Flexibility and co-creation, including co-development, thrive in great video entertainment tech ecosystems, in order to help operators provide impactful, personalised viewing experiences that engage and keep subscribers delighted. Operators can be assured they are using reliable, proven and deeply integrated solutions.
The benefits don’t stop with speedy service launches. New discoveries and improvements continuously abound in ecosystems populated with the inventive and energetic. And everyone involved is part of a shared evolution journey. We strive to embody all these values in our own 3READY Entertainment Ecosystem.
The wisdom of choosing an ecosystem and not just individual vendors is based on the fact that we don’t know what the future holds; much as we try to make informed suppositions based on experience and past viewer insights, we can’t know for certain what subscribers will want in times to come. If an ecosystem is expansive, with many participants developing new things on their own tracks, as well as teamed up with other ecosystem members, there is a far greater likelihood that innovations will emerge that effectively meet the changing requirements of viewers in a timely and cost-effective way.
Additionally, having a critical mass of real-world users who are benefitting from the ecosystem delivers a step-change in meaningfulness and utility for the whole community. The level of user acceptance of a particular configuration, or even just a feature, can be better evaluated and known if based on a sufficiently broad population. This makes the analytics reliable, confidence-giving and transferrable.
Mutual trust above all
But the value and success of any ecosystem really comes down to trust.
In an impactful ecosystem, with many successful deployments to show for it, the basis for trust is already established. When you have partners who work together over many years, and even operator-customers who are open and eager to share their ideas and best practices, then that trust is galvanised.

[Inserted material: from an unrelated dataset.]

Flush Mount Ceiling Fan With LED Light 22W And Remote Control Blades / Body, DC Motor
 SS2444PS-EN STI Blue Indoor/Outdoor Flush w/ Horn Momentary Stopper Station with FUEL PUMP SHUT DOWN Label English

Incumbent operators in particular, with established system landscapes, who are looking to build their next-gen services need more than just a laundry list of tech vendors from which to choose. With the right collaborative environment, innovation is faster, integration costs are reduced, launches happen better and earlier. The culture is open and flexible. Choosing the right ecosystem means remaining adaptive to future needs and being able to constantly deliver value to subscribers.